Biedroń zapowiedział także, że w najbliższych godzinach skieruje pismo do MSZ z prośbą o wsparcie ws. przetrzymywanych Polaków na Białorusi. "Jestem w kontakcie z rodzinami, adwokatami tych Polaków, tak, żeby w jak najszybszy sposób doprowadzić do uwolnienia obywateli Polski, być może ekstradycji ich do kraju" - mówił.

Podkreślił, że będzie współpracować z polskimi władzami w podejmowanych działaniach, mających na celu uwolnienie więźniów politycznych i wprowadzenie realnych sankcji dla reżimu Łukaszenki.

Podczas konferencji prasowej Biedroń odebrał także petycję od Białorusina mieszkającego w Polsce Maksyma Czerniawskiego, która wzywa UE do podjęcia działań ws. sytuacji na Białorusi. Petycja ma być przekazana władzom UE. W petycji Czerniawski wzywa Unię Europejską do podjęcia "zdecydowanych działań wobec reżimu Łukaszenki oraz do wsparcia narodu białoruskiego".

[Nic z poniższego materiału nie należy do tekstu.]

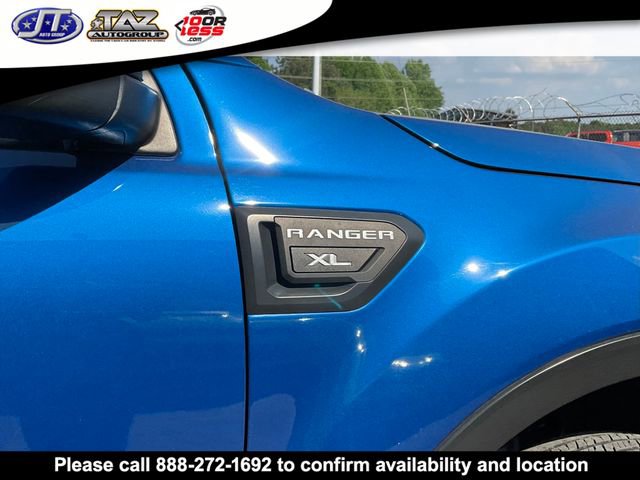 Used 2019 Ford Ranger XL w/ Equipment Group 101A Mid AWD/4WD image 10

"Wzywamy do natychmiastowego wprowadzenia sankcji wobec reżimu Łukaszenki. Wzywam do wprowadzenia zakazu wjazdu na teren UE i zamrożenia aktywów dla wszystkich współpracowników białoruskiego MSW i ich rodzin, wszystkich współpracowników KGB i członków ich rodzin, wszystkich współpracowników Centralnej Komisji Wyborczej, wszystkich przedstawicieli białoruskiego parlamentu, wszystkich ministrów i zastępców ministrów, kierownictwa jednostek administracji terytorialnej - obwodów, miast, dzielnic do poziomu zastępców przewodniczących komitetów wykonawczych" - napisano w petycji.

Czerniawski poprosił Biedronia o przekazanie petycji posłom Parlamentu Europejskiego i przeczytanie jej na posiedzeniu Parlamentu.

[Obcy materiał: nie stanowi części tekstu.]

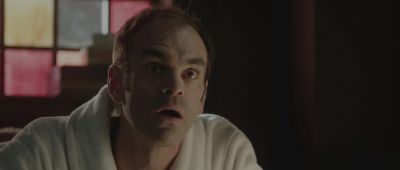 Aren't you gonna ask about Dad - He Never Died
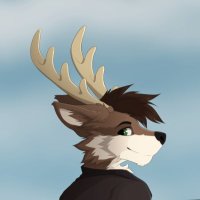 Emotional Support Deer 🦌🏳️‍🌈 🇵🇸 🔜 AC (@rusty_deer) Twitter profile photo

Po niedzielnych wyborach prezydenckich na Białorusi, w których według oficjalnych wyników po raz kolejny wygrał rządzący od 26 lat Alaksandr Łukaszenka, w wielu miastach tego kraju wciąż trwają protesty przeciw domniemanym fałszerstwom wyborczym. Od ich rozpoczęcia władze zatrzymały, często w brutalny sposób, ok. 7 tys. osób. Wśród nich jest troje Polaków.